The researchers evaluated drug response using breast cancer cell lines that mirror the abnormalities and biological variability in primary tumors. The cell lines were analyzed for gene expression patterns, genome copy number abnormalities and protein abundances. Each cell line represented a variant in the genomic abnormalities in breast cancer.

The researchers sought to correlate cell response to targeted therapies using the genomic signatures to identify response predictors. They assessed cell responses to lapatinib (Tykerb, GlaxoSmithKline) and CI-1040, an investigational MEK inhibitor.

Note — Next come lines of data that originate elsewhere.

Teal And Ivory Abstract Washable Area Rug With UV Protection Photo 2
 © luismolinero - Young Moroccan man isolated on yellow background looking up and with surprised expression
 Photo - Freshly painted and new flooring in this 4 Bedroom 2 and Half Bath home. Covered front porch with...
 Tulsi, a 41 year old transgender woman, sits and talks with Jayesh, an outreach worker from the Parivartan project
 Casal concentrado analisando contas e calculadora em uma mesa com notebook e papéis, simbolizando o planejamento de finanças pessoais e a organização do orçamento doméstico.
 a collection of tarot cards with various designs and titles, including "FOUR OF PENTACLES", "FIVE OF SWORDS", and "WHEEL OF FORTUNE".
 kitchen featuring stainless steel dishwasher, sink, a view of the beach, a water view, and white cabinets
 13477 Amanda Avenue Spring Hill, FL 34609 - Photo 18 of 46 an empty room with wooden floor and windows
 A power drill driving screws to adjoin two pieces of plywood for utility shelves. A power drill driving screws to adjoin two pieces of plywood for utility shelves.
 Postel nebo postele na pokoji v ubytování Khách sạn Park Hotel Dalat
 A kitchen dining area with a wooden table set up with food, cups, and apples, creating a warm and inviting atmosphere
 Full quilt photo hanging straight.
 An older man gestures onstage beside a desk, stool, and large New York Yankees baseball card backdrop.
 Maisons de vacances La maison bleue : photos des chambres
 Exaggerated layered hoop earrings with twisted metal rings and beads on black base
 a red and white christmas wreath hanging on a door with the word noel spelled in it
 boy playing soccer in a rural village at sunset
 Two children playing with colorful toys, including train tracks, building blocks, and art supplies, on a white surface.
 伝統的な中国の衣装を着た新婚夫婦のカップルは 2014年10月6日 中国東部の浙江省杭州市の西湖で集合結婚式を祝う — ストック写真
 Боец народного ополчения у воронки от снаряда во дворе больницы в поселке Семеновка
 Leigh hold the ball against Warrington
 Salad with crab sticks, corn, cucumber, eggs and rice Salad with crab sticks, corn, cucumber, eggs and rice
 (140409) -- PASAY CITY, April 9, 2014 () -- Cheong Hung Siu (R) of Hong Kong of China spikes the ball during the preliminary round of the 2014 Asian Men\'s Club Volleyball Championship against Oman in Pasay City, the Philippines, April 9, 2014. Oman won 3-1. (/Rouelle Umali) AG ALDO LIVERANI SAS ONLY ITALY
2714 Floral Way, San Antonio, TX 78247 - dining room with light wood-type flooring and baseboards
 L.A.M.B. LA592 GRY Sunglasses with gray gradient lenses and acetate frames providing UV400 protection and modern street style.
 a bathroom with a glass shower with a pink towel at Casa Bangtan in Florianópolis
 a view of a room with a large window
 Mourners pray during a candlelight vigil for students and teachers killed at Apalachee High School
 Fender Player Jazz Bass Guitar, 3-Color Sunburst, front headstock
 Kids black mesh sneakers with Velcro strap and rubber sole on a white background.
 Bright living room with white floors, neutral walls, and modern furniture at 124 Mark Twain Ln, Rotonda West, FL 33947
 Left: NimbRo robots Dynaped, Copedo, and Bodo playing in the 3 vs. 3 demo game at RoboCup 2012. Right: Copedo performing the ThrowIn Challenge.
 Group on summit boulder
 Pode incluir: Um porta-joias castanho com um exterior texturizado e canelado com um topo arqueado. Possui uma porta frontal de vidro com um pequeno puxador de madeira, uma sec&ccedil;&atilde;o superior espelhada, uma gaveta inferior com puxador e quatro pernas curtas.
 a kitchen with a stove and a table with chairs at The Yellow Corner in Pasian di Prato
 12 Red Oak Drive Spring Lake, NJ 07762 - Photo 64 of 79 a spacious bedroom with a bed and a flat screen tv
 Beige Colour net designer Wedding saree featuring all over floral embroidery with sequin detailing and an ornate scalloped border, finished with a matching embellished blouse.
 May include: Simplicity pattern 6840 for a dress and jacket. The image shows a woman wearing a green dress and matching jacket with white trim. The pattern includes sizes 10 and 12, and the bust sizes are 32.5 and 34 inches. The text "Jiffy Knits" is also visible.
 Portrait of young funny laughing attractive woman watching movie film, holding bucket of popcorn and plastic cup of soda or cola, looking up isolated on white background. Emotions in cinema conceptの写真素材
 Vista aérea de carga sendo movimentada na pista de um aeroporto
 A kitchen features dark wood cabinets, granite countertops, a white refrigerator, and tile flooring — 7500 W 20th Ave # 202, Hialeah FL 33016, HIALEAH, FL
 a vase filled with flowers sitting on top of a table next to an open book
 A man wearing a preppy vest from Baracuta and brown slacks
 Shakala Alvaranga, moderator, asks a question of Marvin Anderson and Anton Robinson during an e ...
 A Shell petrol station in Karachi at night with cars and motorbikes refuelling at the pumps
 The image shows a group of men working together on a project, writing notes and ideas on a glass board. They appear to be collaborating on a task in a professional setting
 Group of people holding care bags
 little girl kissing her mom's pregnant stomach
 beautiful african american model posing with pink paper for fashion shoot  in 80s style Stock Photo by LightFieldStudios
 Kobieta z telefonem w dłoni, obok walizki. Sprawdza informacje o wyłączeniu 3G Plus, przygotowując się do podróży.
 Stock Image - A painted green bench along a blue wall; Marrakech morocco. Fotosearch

The researchers used a cell growth assay in microtiter format.

Mathematical analyses established associations between the molecular characteristics of the cell lines and their responses. According to these analyses, overexpression or amplification of ErbB2 correlated with sensitivity to lapatinib treatment. Similarly, phosphorylation of MEK enzyme and the levels of MAPK3 and AKT predicted response to CI-1040.

Although more validation is needed, these biomarkers could be used to prescreen patients before they receive therapy and define tailored treatments for patients. – by Emily Shafer

Dr. Gray received funding from GlaxoSmithKline.

For more information:

• Kuo WL, Guan Y, Hu Z, et al. Molecular predictors of drug response in breast cancer. # 4963. Presented at: 2007 Annual Meeting of the American Association for Cancer Research; April 14-18, 2007; Los Angeles.